#### Assignment
The result should hold only the lines from the one with "this 960×640 image." through the final line of the data below, transcribed exactly, pictures left out.

#### Entries taken from a collection
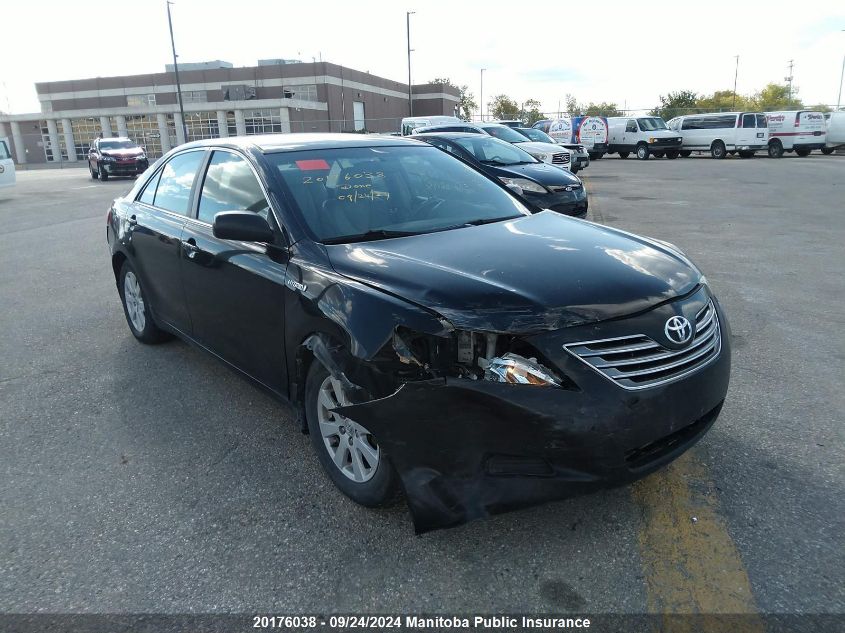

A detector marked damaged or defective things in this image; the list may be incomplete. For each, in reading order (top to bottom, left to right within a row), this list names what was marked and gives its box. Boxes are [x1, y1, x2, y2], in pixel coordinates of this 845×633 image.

crumpled hood [326, 211, 704, 334]
broken headlight [482, 354, 560, 388]
damaged front bumper [338, 298, 732, 532]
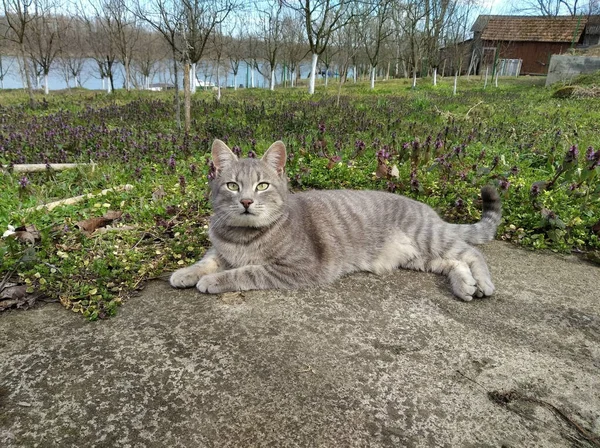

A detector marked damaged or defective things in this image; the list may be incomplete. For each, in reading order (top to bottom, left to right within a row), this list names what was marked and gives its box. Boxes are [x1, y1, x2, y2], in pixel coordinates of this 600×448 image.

cracked concrete surface [1, 243, 600, 446]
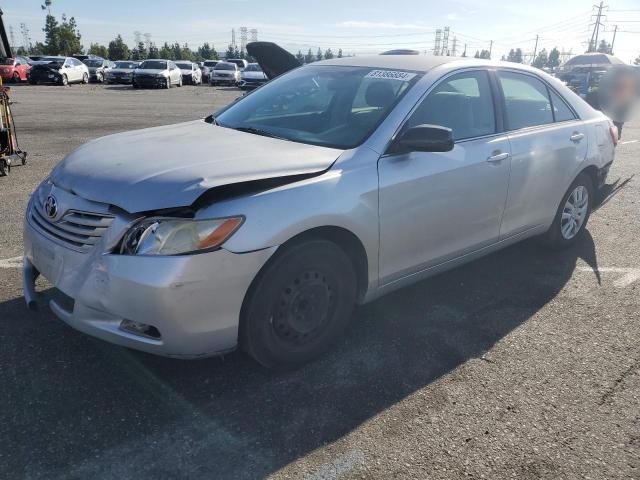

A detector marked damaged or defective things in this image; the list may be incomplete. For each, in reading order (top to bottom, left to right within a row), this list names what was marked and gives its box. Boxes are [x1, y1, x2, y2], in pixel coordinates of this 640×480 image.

front hood damage [50, 119, 344, 212]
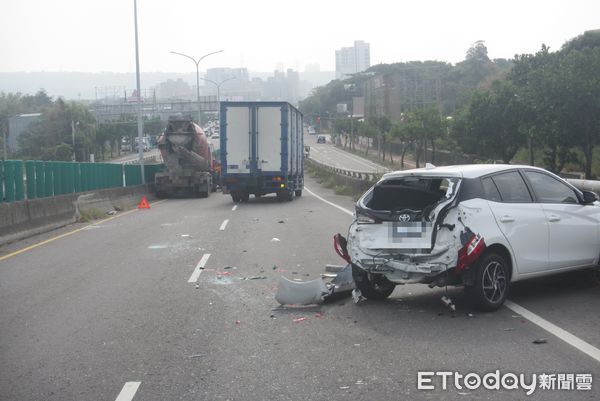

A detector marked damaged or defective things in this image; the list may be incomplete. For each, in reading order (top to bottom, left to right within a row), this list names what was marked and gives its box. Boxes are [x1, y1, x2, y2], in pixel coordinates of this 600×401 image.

severely damaged rear [342, 166, 488, 290]
broken taillight [332, 233, 352, 264]
broken taillight [458, 233, 486, 270]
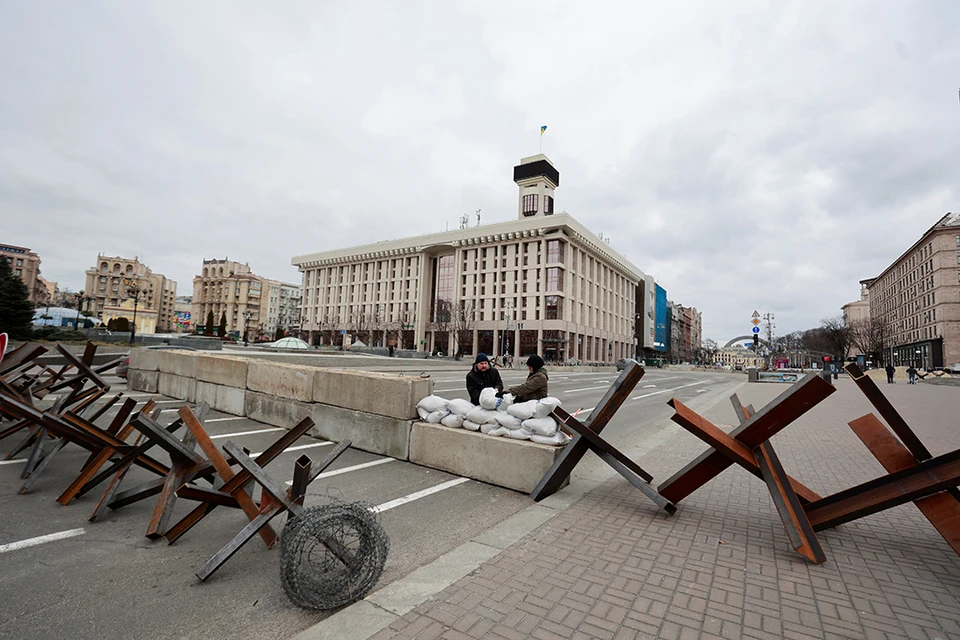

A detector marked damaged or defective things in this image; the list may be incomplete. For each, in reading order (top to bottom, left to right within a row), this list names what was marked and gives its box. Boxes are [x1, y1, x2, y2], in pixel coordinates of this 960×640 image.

rusty steel beam [528, 362, 648, 502]
rusty steel beam [660, 376, 832, 504]
rusty steel beam [808, 444, 960, 528]
rusty steel beam [848, 416, 960, 556]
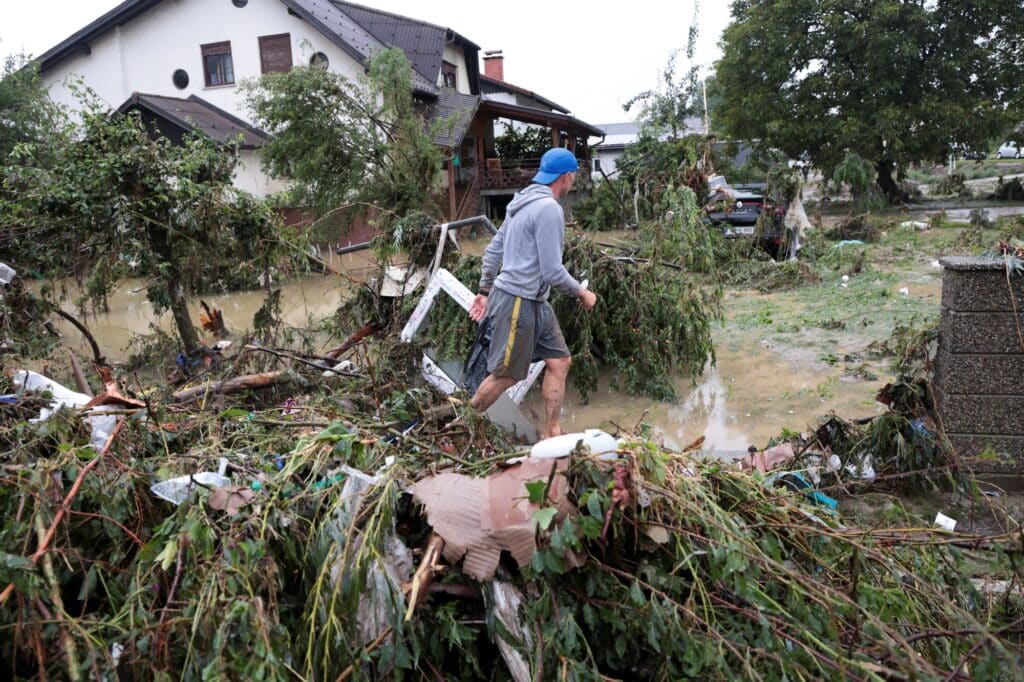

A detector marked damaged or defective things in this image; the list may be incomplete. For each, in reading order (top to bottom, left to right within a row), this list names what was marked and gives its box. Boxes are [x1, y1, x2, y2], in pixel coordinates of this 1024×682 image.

damaged house [36, 0, 604, 228]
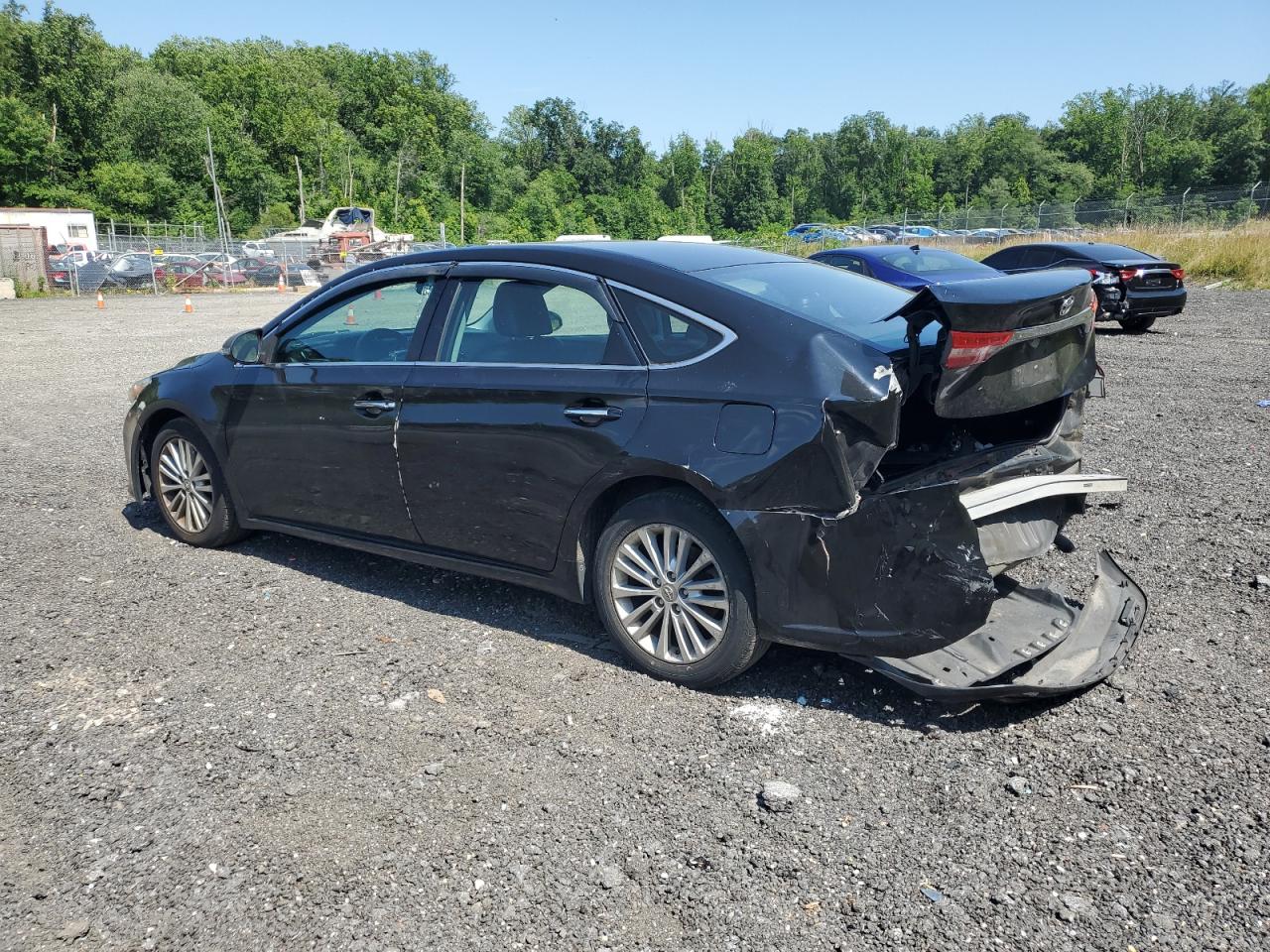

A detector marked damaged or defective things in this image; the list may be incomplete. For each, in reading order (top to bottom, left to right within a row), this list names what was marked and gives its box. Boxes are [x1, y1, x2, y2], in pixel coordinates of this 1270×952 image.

broken tail lamp lens [950, 332, 1016, 368]
damaged black sedan [123, 242, 1148, 695]
detached bumper cover [863, 550, 1143, 700]
crumpled rear bumper [863, 550, 1143, 700]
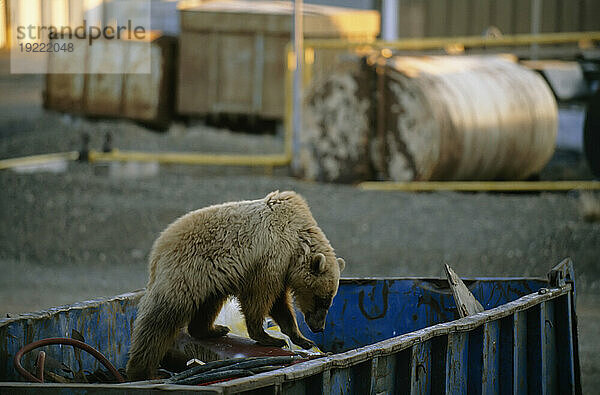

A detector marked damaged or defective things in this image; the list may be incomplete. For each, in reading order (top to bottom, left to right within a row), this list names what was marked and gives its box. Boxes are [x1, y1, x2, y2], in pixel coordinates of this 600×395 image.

rusty barrel [300, 55, 556, 183]
rusted dumpster rim [0, 284, 568, 392]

#### Reply to the task
A detector marked damaged or defective things in this image; the list may be incomplete. For each, in reading order (top to bottom, left to right within a row), this list names what was marked and gives its box. Boxes are [x1, y1, x2, y2], in pixel coordinates of this 960×640 image.

rusty steel beam [528, 362, 648, 502]
rusty steel beam [660, 376, 832, 504]
rusty steel beam [808, 444, 960, 528]
rusty steel beam [848, 416, 960, 556]

A detector marked damaged or defective things in this image; the list may be incomplete. For each, in reading order (top to bottom, left to right within a row), this list names what was marked and gives its box. Boxes are [x1, y1, x2, y2], in pixel coordinates of this 1024×682 image.

damaged house [36, 0, 604, 228]

A detector marked damaged or defective things in this image; the list may be incomplete. For each, in reading order (top to bottom, left to right within a row), this list names what was marked and gives its box. Boxes are [x1, y1, x2, y2], in pixel coordinates of this 1270×952 image.

broken tail lamp lens [950, 332, 1016, 368]
damaged black sedan [123, 242, 1148, 695]
detached bumper cover [863, 550, 1143, 700]
crumpled rear bumper [863, 550, 1143, 700]

A detector marked damaged or defective things in this image; the list may be incomplete. For each, in reading order (top to bottom, left to right within a row), this list names what was marked and gives its box. Boxes are [x1, y1, x2, y2], in pixel coordinates of this 600×395 image.

rusty barrel [300, 55, 556, 183]
rusted dumpster rim [0, 284, 568, 392]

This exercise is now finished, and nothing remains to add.